Many expectant women think about how their pregnancy and birth will go. They may read books or blogs, researching the latest fads, new research or what has been historically done for years. Most will talk to friends or family who have been there before, seeking advice on what to expect. Some will dream about the environment they want to welcome their child into, and others will focus on what life will be like after baby arrives.
Most women will be faced with an overwhelming amount of decisions regarding the birth of their child. Where do they want to give birth, where is plan B located, who will be there, how will I handle labor pains, what if I don’t go into labor on my own, what happens if labor starts too early, etc.? So many decisions to be made over the course of 9 months and for some not much has been explained why they would choose one over the other. How do you decided and who’s opinion do you trust? And all of this just gets you to the point of welcoming that child into the world, not to mention becoming parents and everything that happens after delivery. It is hard for some to navigate the web of information that surrounds pregnancy, childbirth and parenting.
I have learned that making a plan helps to alleviate some stress. Having time to research options and come up with a course of action when you are not pressed for an immediate decision is the best. But what happens when things veer off course? That’s where plan B comes in! It’s important to not only think about your ideal birth and create a plan in which everything goes ideally, and every option is still an option, but also to decide, if some options are taken away, what is still very important to you. Birth is not predictable and it’s important to be flexible in some areas when necessary. For example, options are limited when you are faced with a cesarean birth. Can you still have skin to skin contact once baby is out and you are still in surgery? Can you have your arms free to hold your baby instead of being strapped down? You can talk with your provider about what options you may still have, given the situation.
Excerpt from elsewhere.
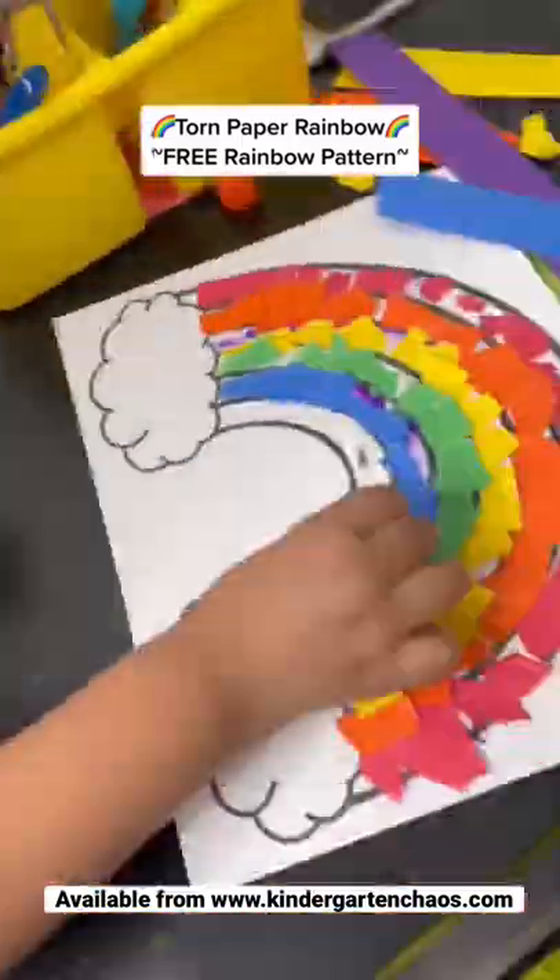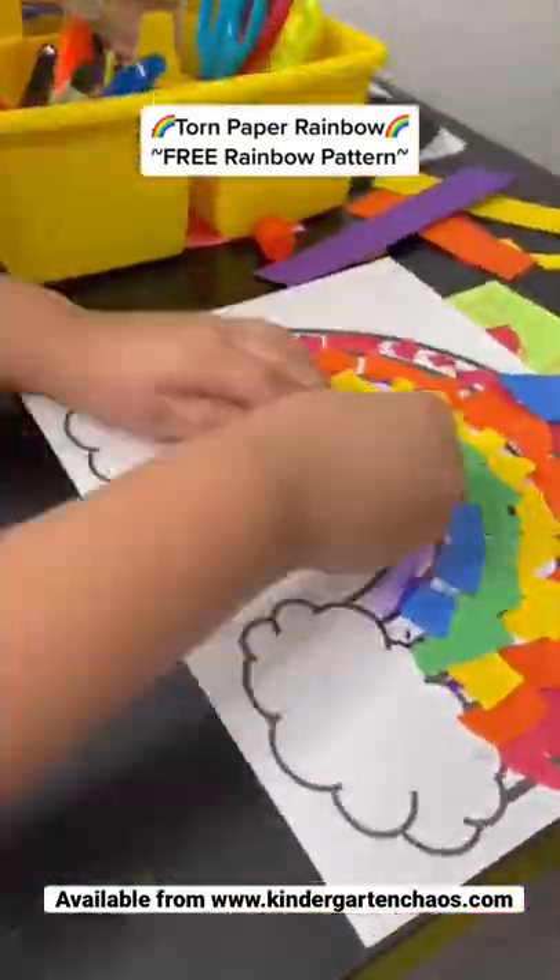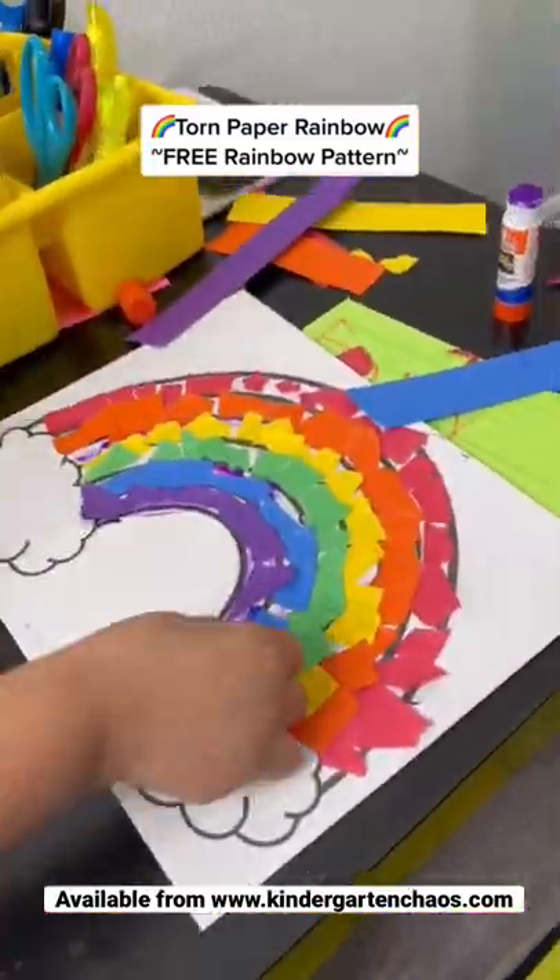Print out and copy this free rainbow template, then have your little learners tear and glue each piece to the rainbow. Add some cotton balls or tear up some cotton pads.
There are interventions that are scary so some people don’t want to think about or plan for. It’s important though to familiarize yourself with what possibilities are out there so you can decide ahead of time what you would do given the situation. Take a childbirth class and learn all about the birthing process and what options are out there. I encourage you to have a discussion with your provider if you have any questions about some of the possible interventions and situations surrounding birth.